Теперь обратимся к физике и для выяснения здесь роли биективности рассмотрим простой пример.
Пусть есть два прибора: амперметр (далее А) и вольтметр (далее В), установленные на участке однородного проводника. И стоит задача проверить известный закон Ома, который записывается, как известно любому школьнику, в виде R = U/I , где U – разность потенциалов между концами участка, I – ток, протекающий при этом в проводнике, R – сопротивление участка.
Суть проверки в том, что сопротивление должно оставаться постоянным при изменении тока и напряжения. В отличие от U и I, которые измеряют непосредственно приборами (прямые измерения), сопротивление R есть результат косвенного измерения (расчёт по формуле). Опыт (косвенный) должен показать, что R = const.
Напомню, и это очень существенно, любой расчёт по формуле или другому рецепту, не связанному с непосредственным использованием приборов, есть косвенное измерение. Таким образом, в отличие от экспериментатора, физик-теоретик занимается косвенными измерениями. До сих пор всё понятно, но теперь пойдем дальше.
Пусть в нашем опыте максимальное показание шкалы А – Imax = 20 А при цене деления (его можно принять за абсолютную погрешность прибора) ΔI = 1 А, соответственно максимальное показание шкалы В – Vmax = 60 В при абсолютной погрешности ΔV = 1 В. Подавая различные напряжения можно проверять наш закон, например, 50/10 = 5 (Ом).
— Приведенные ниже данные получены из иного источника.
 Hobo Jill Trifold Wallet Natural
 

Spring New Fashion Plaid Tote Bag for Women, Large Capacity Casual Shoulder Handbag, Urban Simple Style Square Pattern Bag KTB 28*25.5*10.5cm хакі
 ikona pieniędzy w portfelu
Однако доступных измерению значений напряжения 60/1 = 60, а тока – только 20/1 = 20. То есть, одному значению тока соответствует три значения напряжения (это при линейной зависимости между U и I).
Здесь мы вспомним главное свойство измерений – взаимная однозначность (биективность, при отображении значений измеряемых элементов множеств). Одному показанию прибора может соответствовать только одно показание другого прибора (считаем, что измерения выполняются одновременно). Но какое из трёх значений напряжения соответствует единственному значению тока?
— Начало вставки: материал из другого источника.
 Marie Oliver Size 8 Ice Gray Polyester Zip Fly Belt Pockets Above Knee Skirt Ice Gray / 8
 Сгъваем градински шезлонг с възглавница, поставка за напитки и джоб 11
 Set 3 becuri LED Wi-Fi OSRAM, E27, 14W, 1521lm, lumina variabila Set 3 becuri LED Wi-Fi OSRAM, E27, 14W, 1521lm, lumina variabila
Далее, уже мысленно, продолжим наш опыт. Будем пропорционально увеличивать разрешение шкал. При этом давайте сохраним начальную небиективность. Что это значит? А то, что множества {n} и {3n} во всяком случае, в приложении к измерениям не эквивалентны.
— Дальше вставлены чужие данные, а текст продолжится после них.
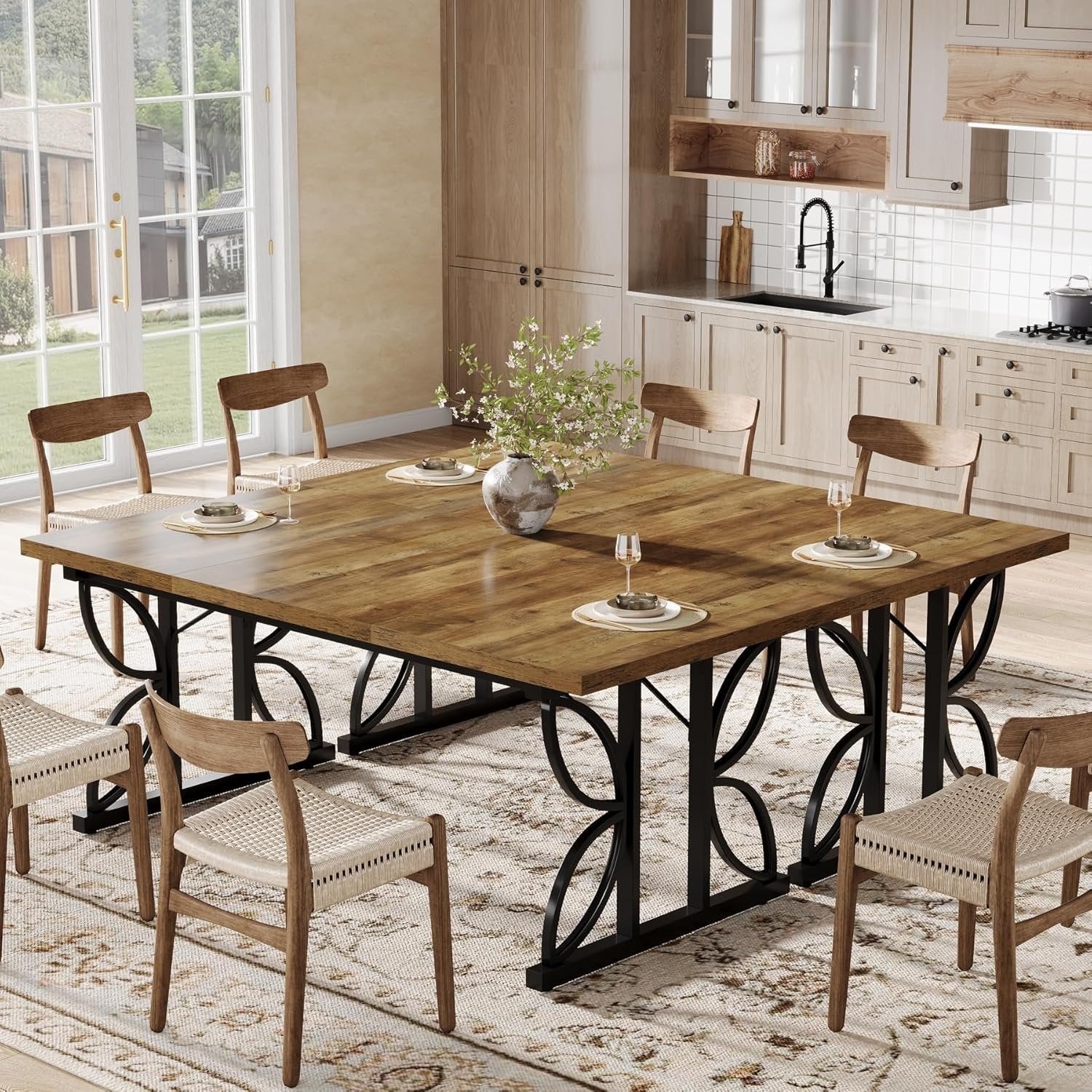 71“ Industrial Rectangular Dining Table, Kitchen Table with Metal Base in Brown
Здесь, как и выше, малому изменению Δх аргумента функции у = 3х соответствует малое изменение функции Δу = 3Δх. Такое соответствие выполняется для непрерывных функций. Но, важно, что при измерениях, одному значению параметра может соответствовать несколько значений другого параметра. И здесь возникает проблема выбора, то есть какие-то вероятностные соображения.
Переходя в мысленном опыте к пределу, если предположить, что можно достичь сколь угодно высокой точности, приходим к тому, что на опыте небиективными вполне могут быть самые разные бесконечные множества.
Приведенный простой пример подчеркивает необходимость учёта небиективности множеств, для того чтобы имела место однозначность соответствия физических параметров прямых измерений.
По традиции в завершение приведём ещё ряд вопросов для размышлений. В предыдущей статье, посвящённой косвенным измерениям, приведены примеры расчёта погрешности косвенного измерения без частных производных. А как же быть в общем случае, особенно, если нет канторовской биективности? Взаимно-однозначное соответствие, на самом деле, – большая редкость. Она имеет место только для функции у = х.
Можно представить себе много способов перехода к необходимой однозначности. Например, выбрать среднее среди нескольких значений, которых оказалось больше при прямых измерениях. Это может быть среднее арифметическое (оно соответствует чисто биективному соответствию), или среднее геометрическое, или среднее гармоническое, или средневзвешенное, или …
Очевидно, средних неограниченно много. Понятно, что если изучаемый закон нелинейный, скажем, имело бы место соотношение R = U3/I, то среднее арифметическое уже не годилось бы, и требовалось бы другое среднее (какое именно?).
Совершенно очевидно, на этом пути, может возникнуть что-то новое и интересное.